子育てと怒り vol.3 ~怒りのプールとのつきあい方~ - 2018.02.01 Thu
その最たるものと言っていいのが、「体罰」です。
暴力を振るわれることほど、自分の無力さや心細さを感じさせ自尊心を損なう行為はありません。
(*心細さ:とくに親からの体罰は、本来自分を守ってくれる存在と信じている人からの攻撃であり、自分が家庭や人生の中で孤立した存在であるという「心細さ」を感じさせることになる。その結果、生きていく上での自己肯定感や自尊感情、意欲を大きく損なう)
それをされたことによる負荷は非常に大きく、消化していくのは容易ではありません。
子供は親を常に「肯定しよう」と思っているので、暴力を振るわれたからといって簡単に反発はしません。その負荷を親に向けることはなかなかできないのです。
すると結果的に、2つの方向にいきます。
ひとつは、自分より弱い他者へ暴力や意地悪などの、攻撃的な感情を開放することでバランスをとろうとするもの。(通り魔的事件の背景にこれがあることは多いです)
もうひとつは、自分が悪いのだと自己否定、自責をすることでその状況を耐えていくものです。これは「萎縮」の状態へとつながります。
どちらにしても、怒りのプールは溜まっていきます。
子供時代、自分が体罰を受けてそのときはそれをされるのが大変嫌だと思っていても、大きくなってから体罰を肯定するようになる人は少なくありません。
不思議なことに、体罰を受けると体罰を肯定する心理が作り出されるのです。
これは、その人自身の抱える怒りのプールが、はけ口を必要としているためにそのようになるのでしょう。
ゆえにその人たちは、理屈ではなく感情レベルで体罰に固執します。
ですから、体罰は大きな怒りの再生産につながり、容易になくなりません。
はっきり言って、こういった人たちは教員や保育士になるべきではないです。
もし、どうしてもなりたい、もしくはすでになっているというのであれば、専門的なカウンセリングを受けるなどして自身の感情のケアをしていく必要があるでしょう。
でなければ、本人も周りの人も不幸になってしまいます。
しかし大変残念なことに、この怒りのプールのはけ口を模索した結果、そういった子供に関わる仕事に就こうとする人がいるのも事実だと僕は感じます。

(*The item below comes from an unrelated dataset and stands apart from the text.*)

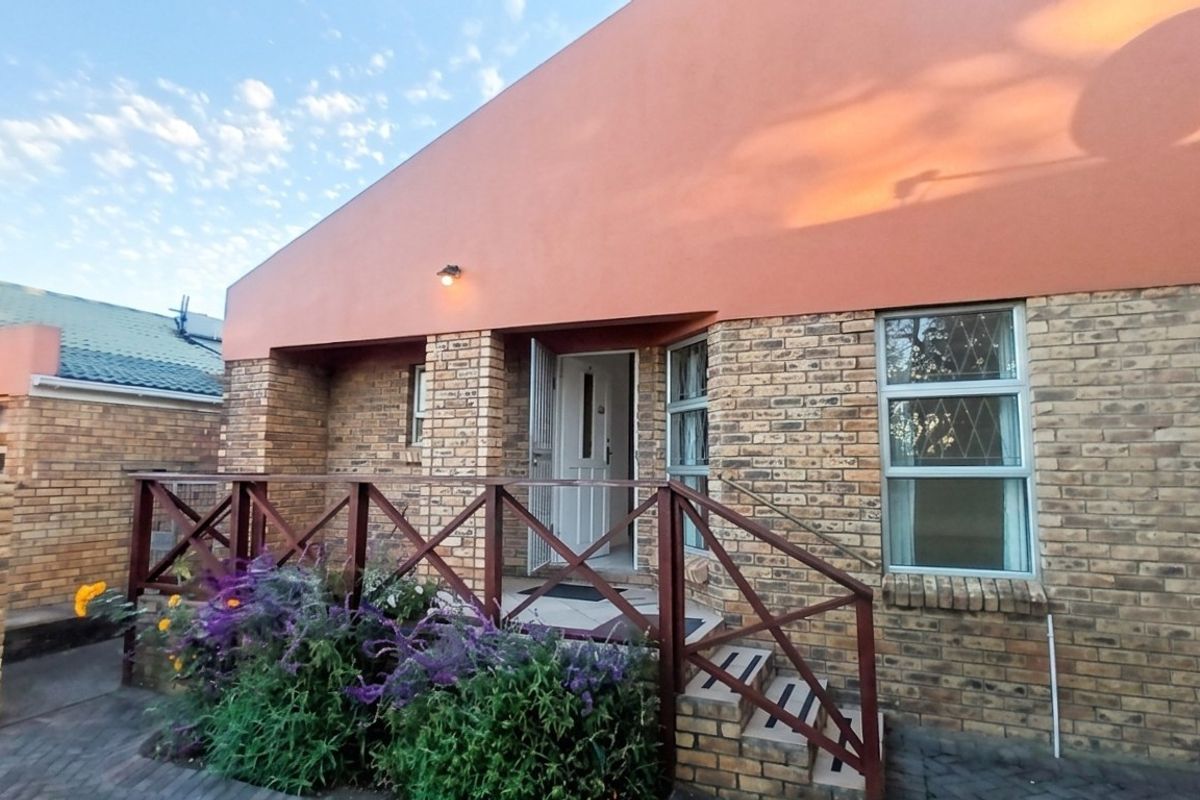 Secure, Comfortable Living with a Beautiful Established Garden in Beacon Bay - Photo 2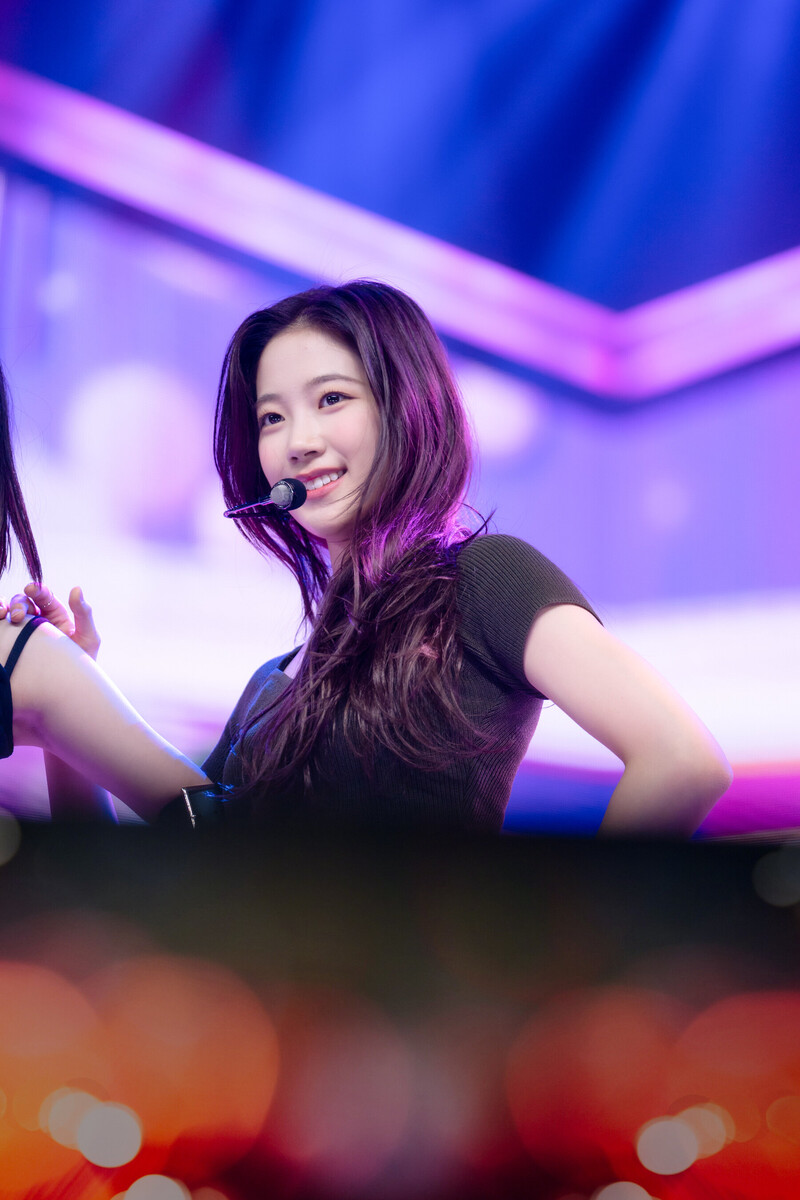 220508 LE SSERAFIM Kazuha - 'Blue Flame' at Inkigayo documents 4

ゆえにこういった施設においては、その大人の立場を利用して、意地悪やハラスメント、体罰などを防ぐシステムが絶対に必要です。
さて、ではこの怒りのプールを乗り越える方法について考えていきましょう。
まず、僕自身はこの大きな怒りのプールを持っていた人間ですが、本当に幸運にもそれを経験と学びから乗り越えることができました。だからこそ、それの辛さや乗り越えることの難しさを知っています。
しかし、これらは個々に違うことです。
これからその乗り越え方について述べていきますが、あくまで大まかなところです。
個々の人によって、それがうまくいくケースもあれば、かえって難しいということもあるかもしれません。それをすることによって苦しめてしまう場合もあるかもしれません。なので、これから述べることが「絶対に正しい」と思って読まないで下さい。「なるほど、そういう風なとらえ方があるのか、まあ思い出したときにできそうだったら少し意識してみるか」くらいでいいと思います。合わないと思ったら、スルーしましょう。
とくに、この問題が根深い人ほどそれは容易ではありません。
正直そういった方は自分だけで悩んでひとりで解決しようとすることを避け、信頼できる人と一緒に考えたり、この方面に専門性をもったカウンセラーなどにかかることをおすすめします。
◆自分を責めない
この怒りのプールを抱えた人は、自己肯定感の低さや対人関係の苦手さを獲得させられてしまうことが多いです。
それゆえに、さまざまなものを自分への否定として振り向けていってしまうので、それがさらに怒りのプールのはけ口を我が子に向けてしまい、悪循環を起こします。
・「私には愛情がない」
・「自分はいつも怒ってばかりでダメな親だ」
・「子供がこんなに荒れているのは、私がかわいがれないからだ」
・「他のお子さんはあんなにニコニコ過ごしているのに、私はそれをさせることができない」
このように、現状のうまくいっていなさを自分のせいにする方向で考えるので、これでは子育てに向き合うこと自体がとてもつらくなり、余裕やあたたかさがマイナスの方にいき、かえって解決するものも解決しなくなってしまいます。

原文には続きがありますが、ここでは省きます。